Après qu’au printemps 2015, sous la pression des principales capitales de l’UE, inquiètes du « risque migratoire », il a mis fin à l’opération de secours en mer Mare Nostrum, cette mission avait progressivement été reprise par des ONG. À ce jour, une grande partie des sauvetages en mer sont assurés par des organisations humanitaires, tandis que les États européens, au travers notamment de l’agence Frontex, concentrent leurs forces, et les financements publics, sur la surveillance des frontières et la lutte contre les « passeurs » : le résultat de cette politique délibérée de dissuasion est que le nombre de migrants ayant trouvé la mort dans la traversée de la Méditerranée, déjà dramatiquement élevé en 2015 (3.700), ne cesse d’augmenter (5.000 en 2016, sans doute plus encore en 2017 [1]). Devant l’absence de solidarité de ses partenaires européens – les opérations de « relocalisation », supposées soulager l’Italie, comme la Grèce, de la prise en charge des demandeurs d’asile arrivés sur leur sol, relèvent de la chronique d’un échec annoncé –, le gouvernement italien a choisi de prendre le leadership de la politique de laisser-mourir mise en œuvre depuis des années.
Alors que l’hécatombe en Méditerranée se poursuit, le nouvel instrument de cette politique est la criminalisation de la solidarité avec les migrants, pratiquée par nombre d’États dont la France [2]. Les ONG qui organisent les opérations de sauvetage en mer ont d’abord été entravées dans leur action par l’obligation de signer un « code de bonne conduite » [3] les obligeant à accepter à bord des officiers de police armés, contrairement au principe de neutralité de l’action humanitaire. Les organisations réfractaires risquent de ne plus être en mesure de poursuivre leurs missions et sont dans le collimateur de la justice italienne. L’une d’entre elles a ainsi vu son bateau placé sous séquestre par le procureur de Trapani, alors que les procédures et condamnations judiciaires se multiplient contre les « délinquant·e·s de la solidarité » : ainsi, le père Zerai, inspirateur de l’AlarmPhone qui signale les embarcations en difficulté, est visé par une enquête pour « aide à l’immigration illégale ». L’objectif est clair : en mettant en cause les ONG, accusées de complicité avec des réseaux de « passeurs », il s’agit de faire place nette, de réduire à néant une action considérée comme favorisant un « appel d’air » migratoire et de faire taire des témoins du processus d’externalisation en Libye. L’UE, et notamment le gouvernement italien qui multiplie les coopérations avec les gardes-côtes libyens, parties prenantes des trafics d’êtres humains et des multiples violences infligées aux migrant·e·s, espère ainsi fermer l’une des dernières grandes routes maritimes permettant d’aller demander l’asile en Europe.

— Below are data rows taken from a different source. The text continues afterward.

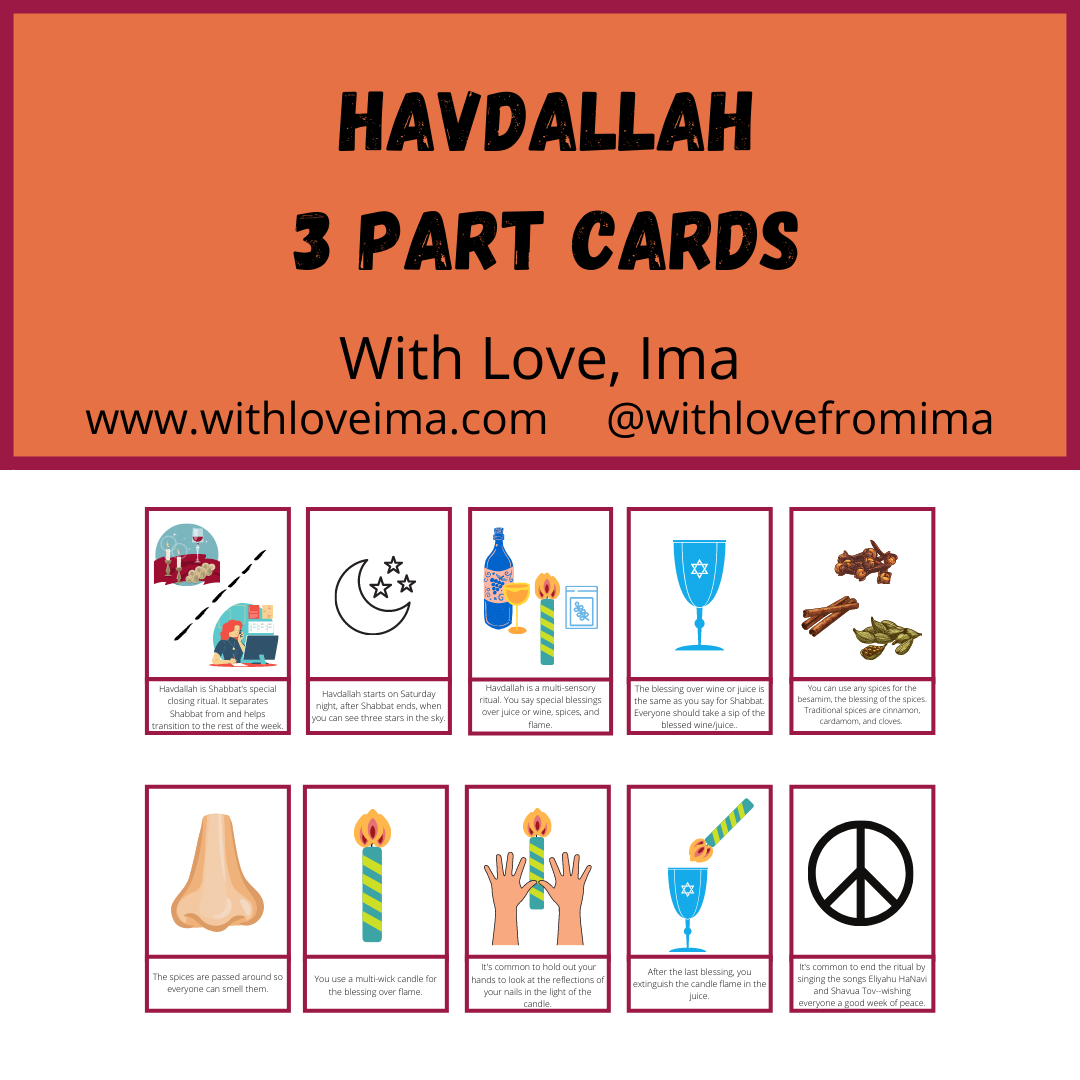 67b86a8d342ac57cc6dbae29_havdallah-3-part-cards-cover_1756767179484.png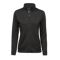 Women's Outdoor Fleece BLACK Women's Outdoor Fleece BLACK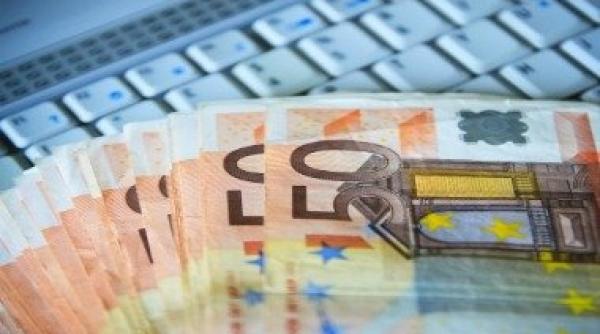 atentie ne imprumutam scump cel mai scump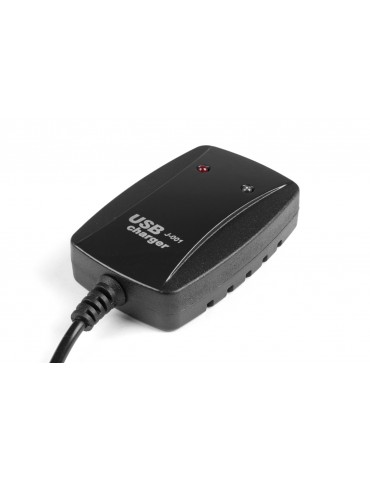 Sweet Bait - USB Charger 5,8V 1000mA NiMH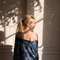 Angel New 21 Y. O Russian Baby - escort in Al Manama Photo 2 of 9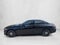 2026 Mercedes-Benz C-Class C 300 Sedan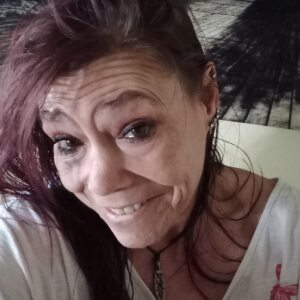 Profilbild von Tanja Ressel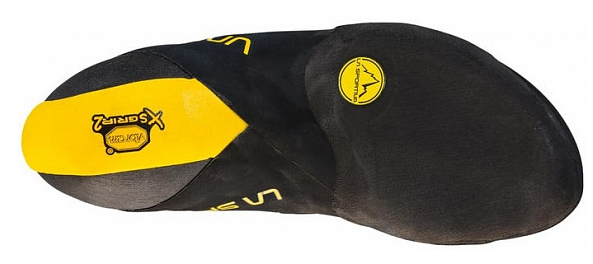 La sportiva theory climbing shoes on sale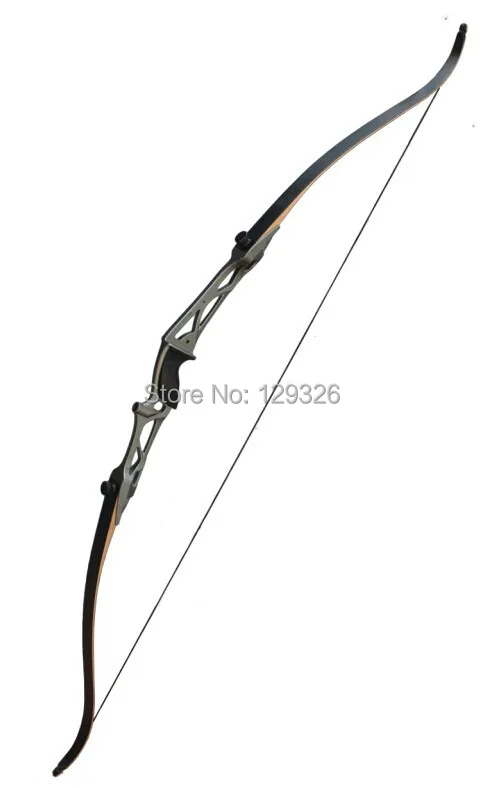 drapes archery
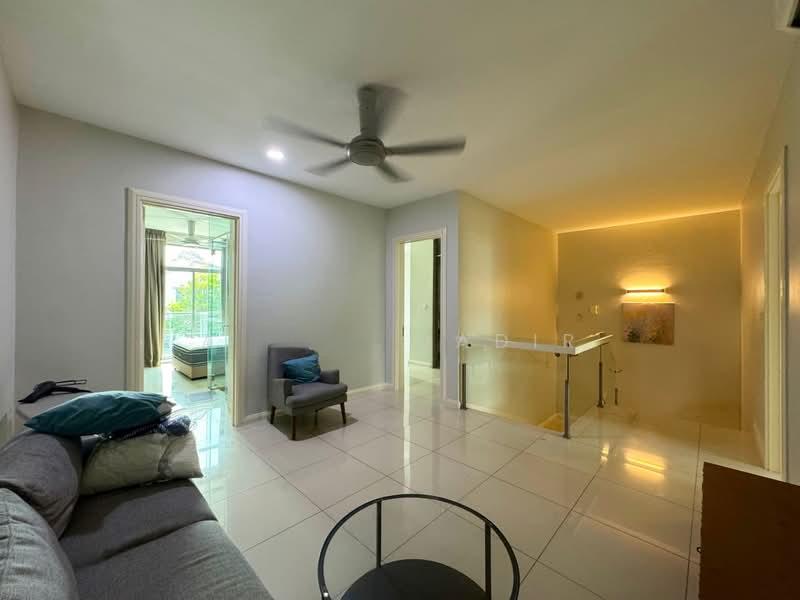 Setia Eco Glades - 5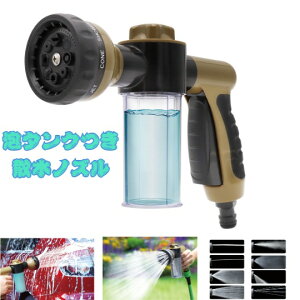 y݌ɏz HAC nbN A^Nt UmY HAC3764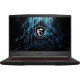 MSI Thin GF63 12VE (12VE-067XRO)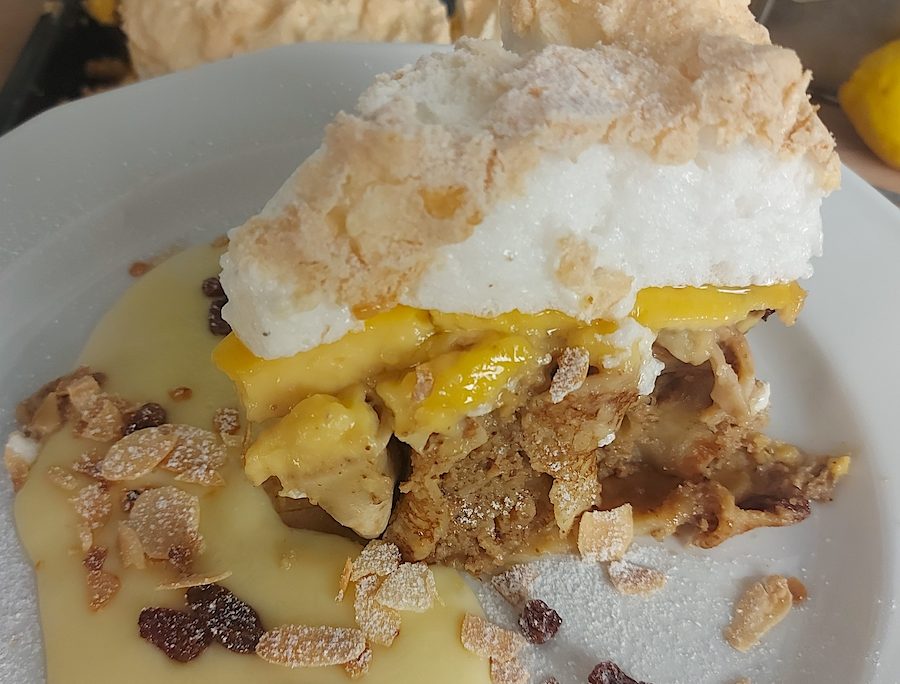 <!--:hu-->Szentgyörgyi palacsinta (Szentgyörgyhegyi palacsinta)<!--:-->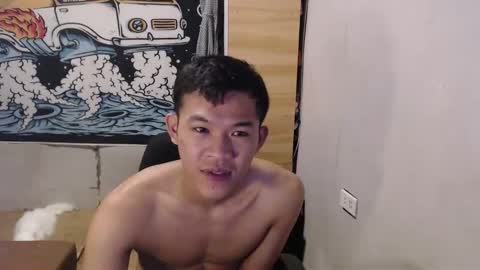 hotcuteasianxx online show from 7, 1, 2026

L’accord UE-Turquie du printemps 2016, qui a bloqué une grande partie des exilé·e·s voulant emprunter la route dite de la Méditerranée orientale, est considéré comme un modèle que l’UE veut reproduire avec la Libye, pays où chacun sait que les migrants subissent violences et sévices [4] avant d’entamer une traversée particulièrement dangereuse. Aujourd’hui, c’est avec les factions en lutte en Libye que les gouvernements italien et français négocient. Dans ces vastes marchandages, les exilé·e·s sont une monnaie d’échange : ceux des groupes armés et des leaders actuellement en compétition qui réussiront à limiter les départs obtiendront les plus forts soutiens politiques et financiers. Il s’agit ainsi de rétablir les règles du jeu diplomatique qui prévalaient avant la chute du colonel Kadhafi : une Libye auxiliaire des politiques de contrôle migratoire de l’UE peut être reconnue comme un partenaire politique et économique à part entière, dussent les droits humains et les principes démocratiques passer à la trappe.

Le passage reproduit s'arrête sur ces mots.